Честь: Духовная судьба и жизненная участь Ивана Дмитриевича Якушкина
Шрифт:
«…Один из великолепнейших типов новой истории, — это декабрист… Как у молодого поколения недостало ясновидения, такта, сердца понять все величие, всю силу этих блестящих юношей, выходящих из рядов гвардии, этих баловней знатности, богатства, оставляющих свои гостиные и свои груды золота для требования человеческих прав, для протеста, для заявления, за которое — и они знали это — их ждали веревка палача и каторжная работа? — Это печальная загадка».
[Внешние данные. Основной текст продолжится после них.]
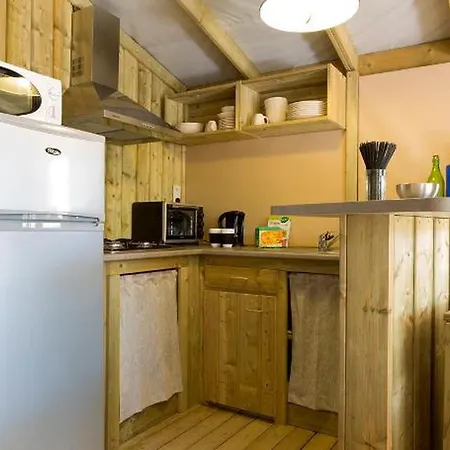 Sur Pilotis Avec Terrasse Et Cuisine Equipee - Api-1-52-1492 Avrillé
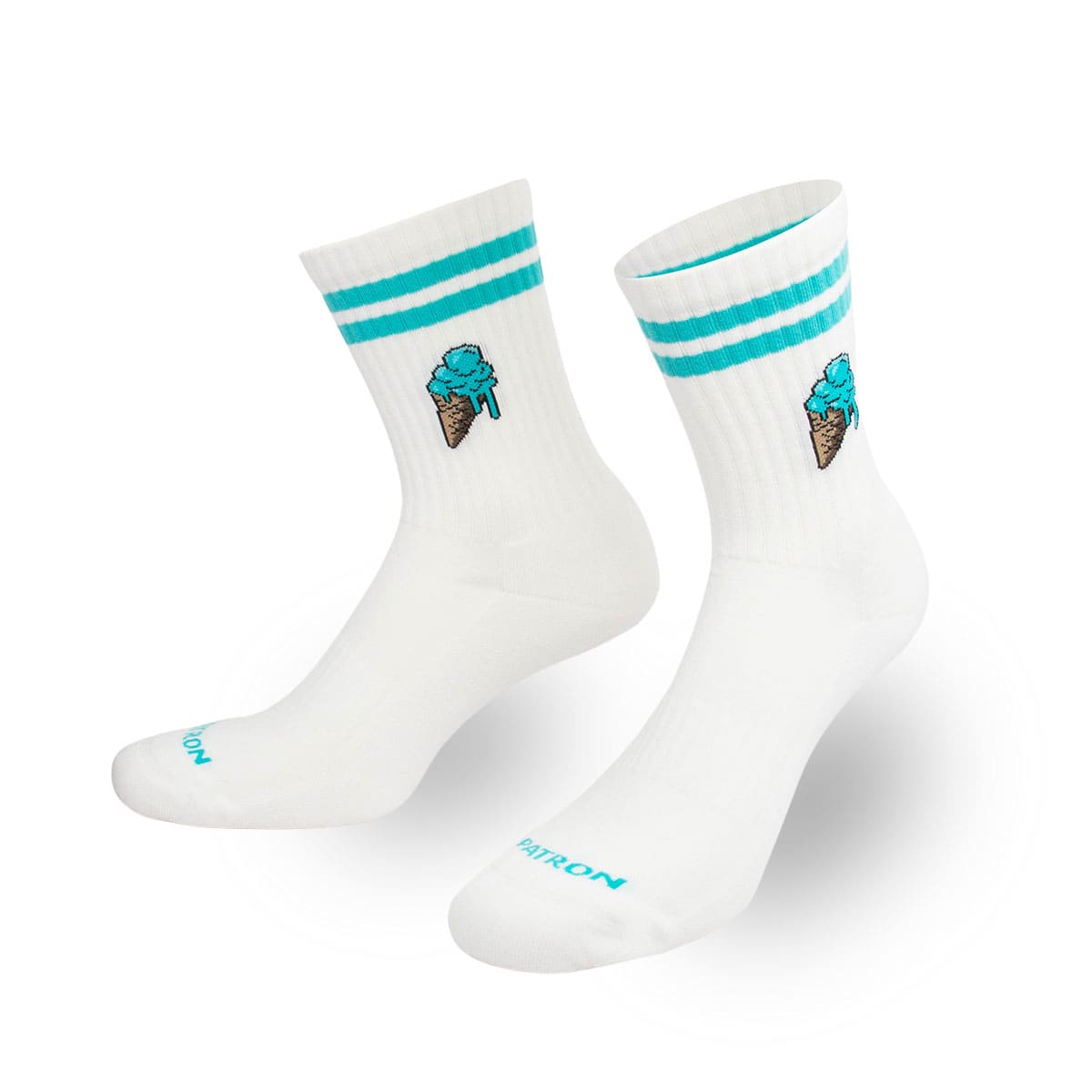 Multifunktionale halbhohe weiße Sportsocken mit türkisem Eis Motiv von PATRON SOCKS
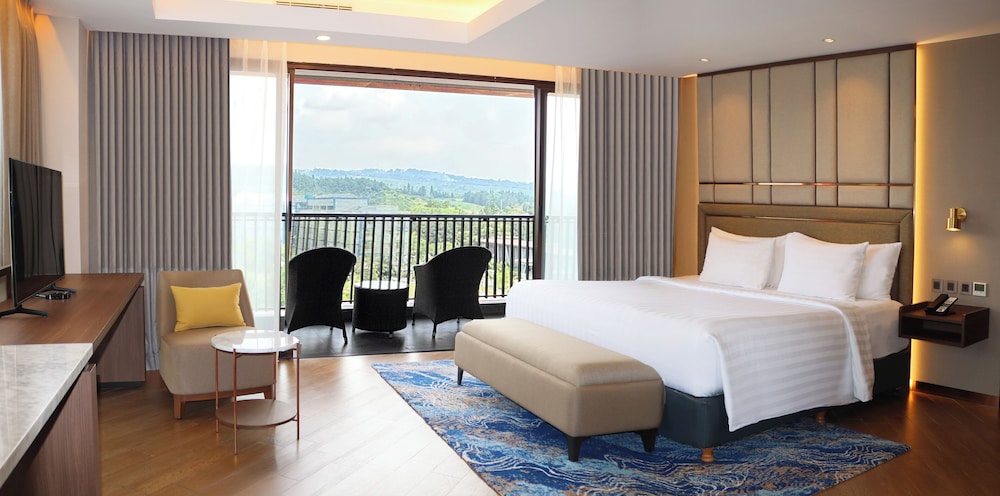 Aston Suite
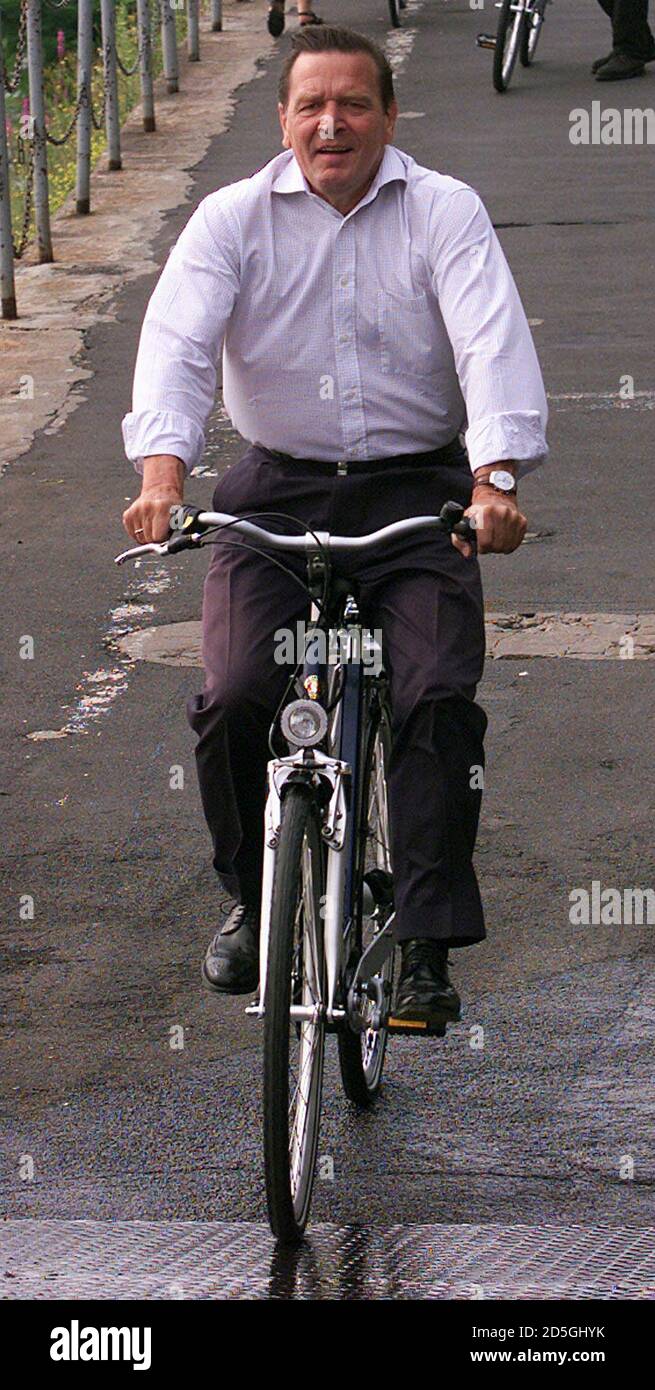 Bundeskanzler Gerhard Schröder fährt mit dem Fahrrad, als er an Bord einer  Fähre vor der Überquerung des Rheins zwischen Bonn-Bad Godesberg und  Königswinter Juli 16. Schroeder nahm an einer Fahrradtour von Bonn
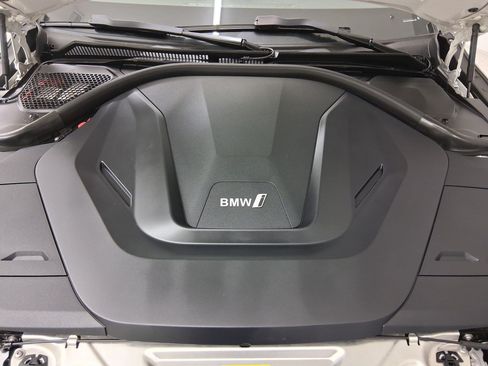Certified 2023 BMW i4 eDrive40 w/ Premium Package RWD image 33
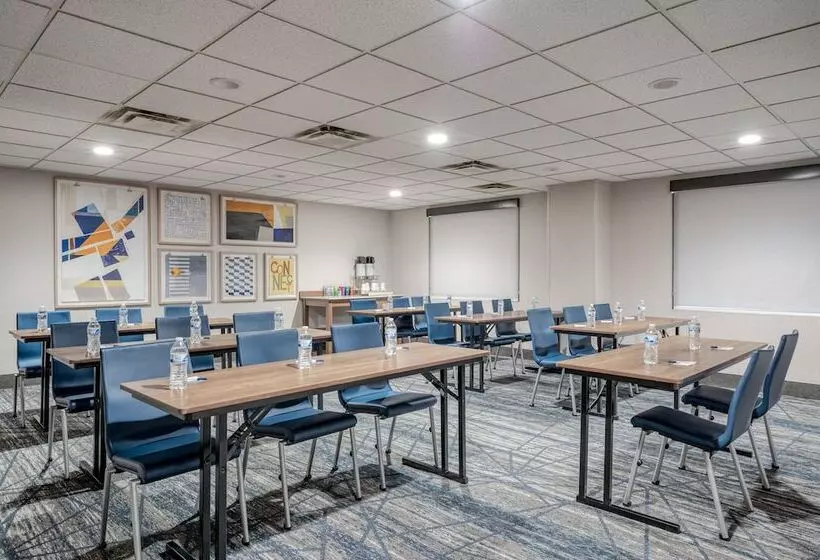 Holiday Inn Express Hotel & Suites Columbus Airport, An Ihg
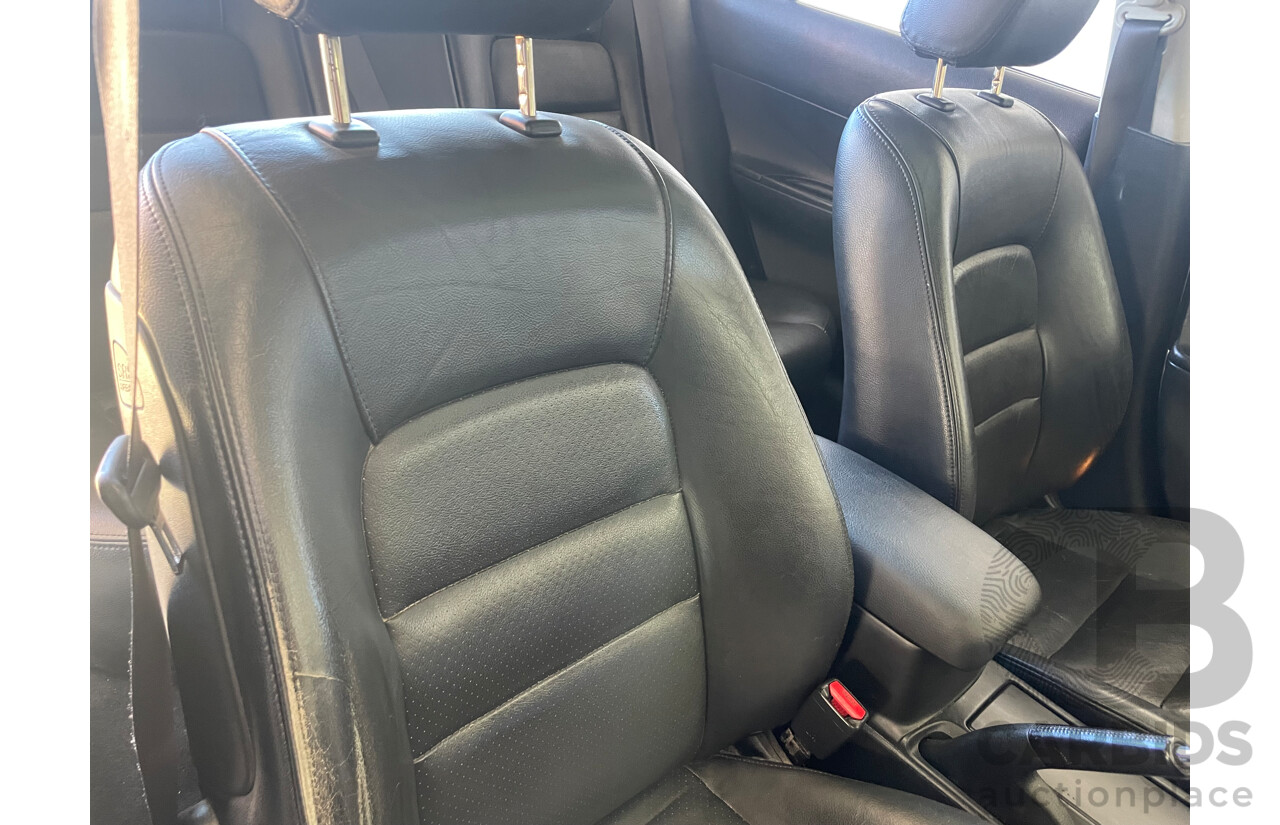 3/2003 Mazda Mazda6 Luxury GG 4d Sedan Silver  2.3L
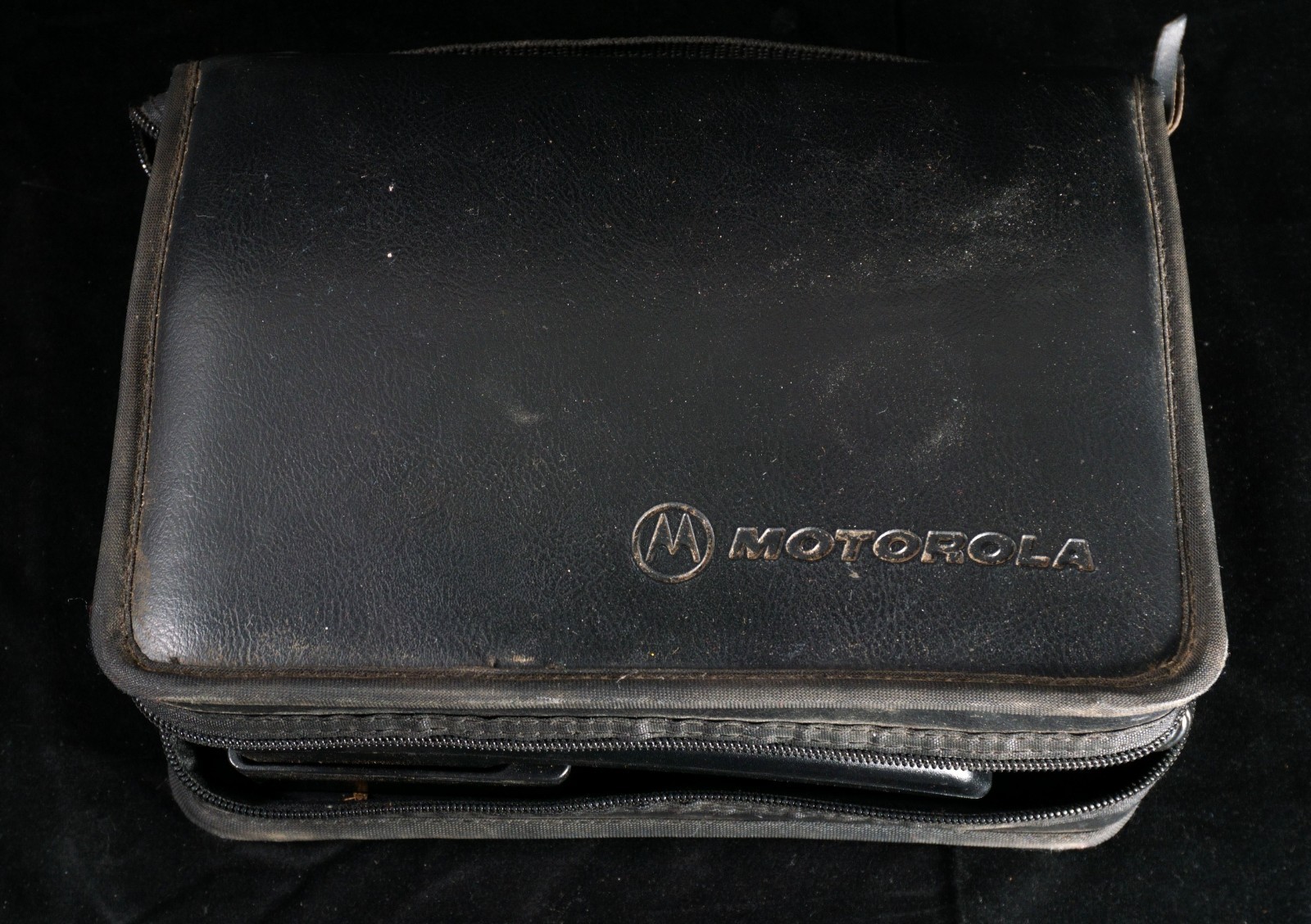 Vintage 90s Cellular Mobile Motorola Carphone and Attache Carrier (G5)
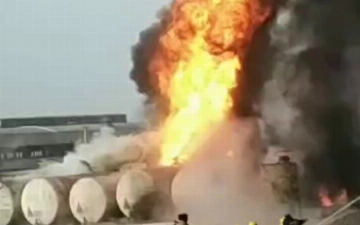 В Фергане произошел крупный пожар на нефтебазе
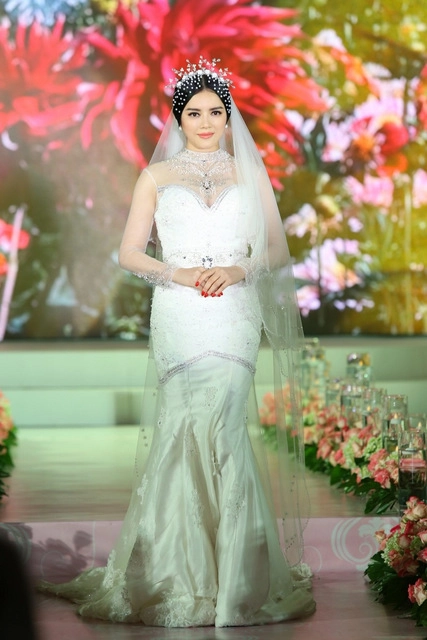 Lý nhã kỳ e ấp trình diễn váy cưới - 6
«Мало понимать то, что сказано, что написано; надобно понимать то, что светится в глазах, что веет между строк, надобно так усвоить себе книгу, чтоб выйти из нее… Человек читает книгу, но понимает собственно то, что в его голове. Это знал тот китайский император, который, учившись у миссионера математике, после всякого урока благодарил, что он напомнил ему забытые истины, которые он не мог не знать… Дело книги, собственно, акушерское дело — способствовать, облегчить рождение, но что родится, за это акушер не отвечает…»
Думаю, под словами
Нет, Ивану Дмитриевичу не приходилось бросаться в декабризм, оставляя палаты каменные и «груды золота», как действительно доводилось это иным его товарищам. Не рисковал он и карьерой — он просто оставил ее; вступив в Общество, при его участии основанное, Якушкин вышел в отставку в скромном чине капитана и более ни о какой карьере не помышлял. В его вкусе была, как очень удачно, хотя и с оттенком напрасного снисхождения выразился Н. М. Дружинин, «скрытая, упорная молекулярная работа непрерывно, но верно» ведущая к заветной цели — разрушению крепостничества, коренному преобразованию всего общества. Этот вкус он, как мы знаем, сам в себе воспитал. Нельзя сказать и того, что он занимался в своей жизни исключительно лишь политикой, если только при этом понимать политику в некоем профессиональном смысле. Ибо в ином смысле, более широком, надо будет, напротив, сказать, что все в жизни Якушкина имело несомненный политический смысл. Его личная участь была политической. И участие в антинаполеоновских походах, и выход в отставку. И, естественно, участие в учреждении тайного общества. И вызов на цареубийство. И выход из Общества, который, по сути, был ведь своеобразным актом протеста против политической пассивности Общества и побуждением его к переходу к прямым, практическим действиям. И, понятно, попытки освободить своих крестьян. И налаживание в своем имении своего рода «школы-интерната» для детей крепостных крестьян. И участие в организации широкой помощи голодающим крестьянам в неурожайный год. Масштабы этой помощи неприятно поразили Александра I, который к тому времени уже знал о существовании тайного общества и даже несколько преувеличивал его могущество. И поведение на следствии. И весь новый образ жизни на каторге и в ссылке. И краткий, но очень отчетливый по своему поведенческому «рисунку» период жизни после возвращения в Россию. Можно сказать в этом смысле, что почти всю свою сознательную жизнь Якушкин «жил и работал декабристом». Какая уж тут «непоследовательность»! Последовательность и неуклонность тут были исключительные. Я, честно говоря, вообще не очень-то понимаю, как такие понятия, как «непоследовательность», «половинчатость» и т. п., которые во многих книгах так упорно присоединялись к имени Якушкина, вообще могут быть здесь применяемы и в каком смысле.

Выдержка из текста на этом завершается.